Yes I have two lined up if it comes to that.  I am sure there are many more who would be interested.  He makes some good points on Market Talk, it is an interesting thread.

Our banker sent me flowers.  They sent the farm loan officer to work on this year's loan to the house.  They said don't worry about a thing, you are one of our best customers and even if you weren't we would tell you to take care of yourself and get better.  Don't worry about your financials.

They are very conservative rural, farm loan bankers.  They are the best source of cash I've had in my life.  Their financial sheets show they are better prepared for problems than most any bank in Ohio.

I have had good bankers all of my life but these folks are the cream of the crop.  They may not be rated an A+ bank but they are in my 11 years of experience with them.

"The Merchants National Bank is headquartered in Hillsboro and is the 34th largest bank in the state of Ohio.
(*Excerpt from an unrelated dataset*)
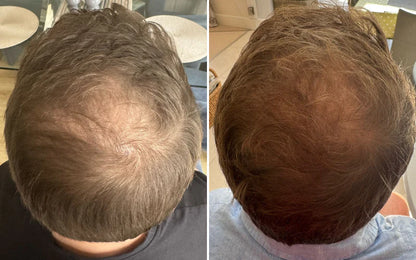 Electric LED Massage Comb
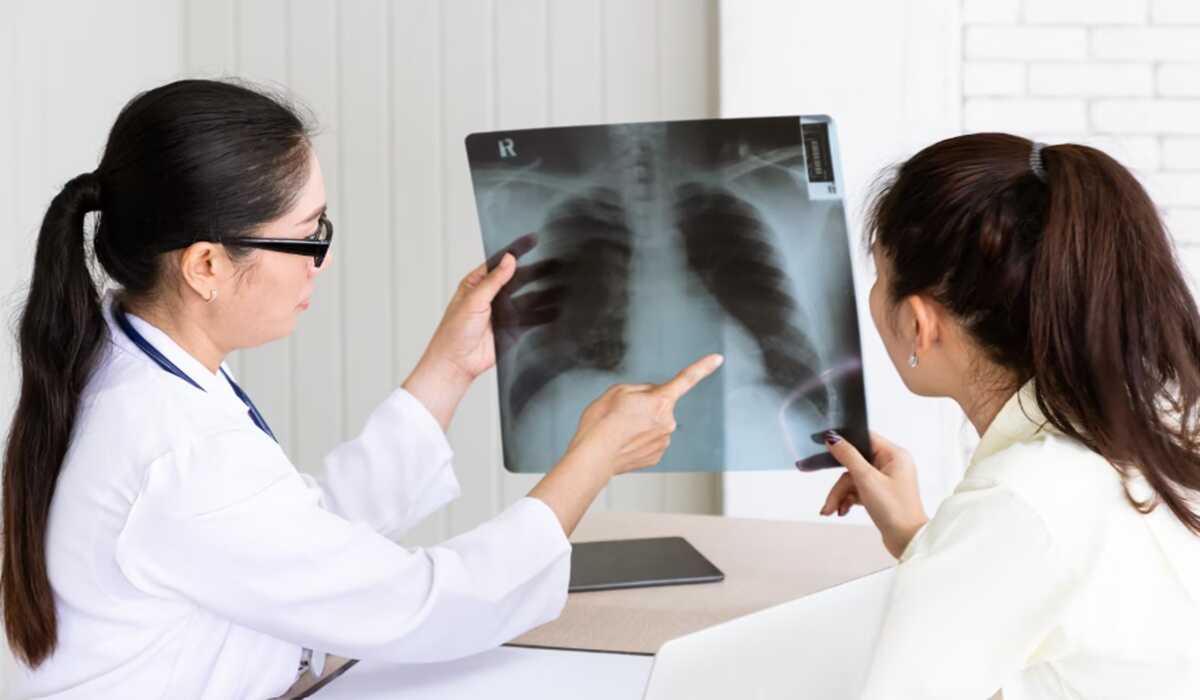 Lung Cancer Trends in Indonesia: Younger Patients, Importance of Early Detection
It is also the 1,088th largest bank in the nation. It was established in 1879 and as of September of 2014, it had grown to 125 employees at 13 locations. The Merchants National Bank has a B+ health rating."

Do you like your bank?

Ed Winkle


  1. Ed do you or bankers really think this will be a year were farmers FARM at a loss . I would expect 99% of the farmers have there costs under control and should have postive cash flows. Maybe we will lower our spending /profit expectations but I think if you can raise a "average" crop in 2015 you had better be OK or make some real changes as this is nothing like what it was trying to make money in the '80's .regards-kevin

  2. That might be an overstatement but every budget shows red ink. It is not a capital building year for sure. Everyone in the industry is concerned, I know I am. The sky may not be falling but it is not blue skies. It is a gloomy forecast. Our bank is solidly behind us but we have been building for 50 years. My savings account started when I was five and I still have one. I am not sure how to answer your question because it varies bank to bank and farm to farm.


  3. The first money I ever borrowed was $1200 to buy a used Jeep. The loan officer knew me and my family and wrote out the loan while I was talking to him. When I told him I wasn't sure if I was going to buy it or not he told me that if I decided against it to just call him in the morning and he would cancel the loan. Borrowed it on my signature, as I did a few other times. All that is gone now; the bank got caught in a bad case where one rogue loan officer was taking bribes to shunt customers off to a leasing company not affiliated with the bank and the examiners may as well have put up a cot in the lobby. From then on absolutely no slack on any transaction, and it didn't matter if you had done business with them for fifty years or not. When we refinanced our house and shop a few years ago I was astonished at how much harder it was to qualify for a loan compared to about ten years ago. More paperwork by a huge margin, and most of it was documentation of income and assets. They are a lot stricter about debt to equity than they were before the crash.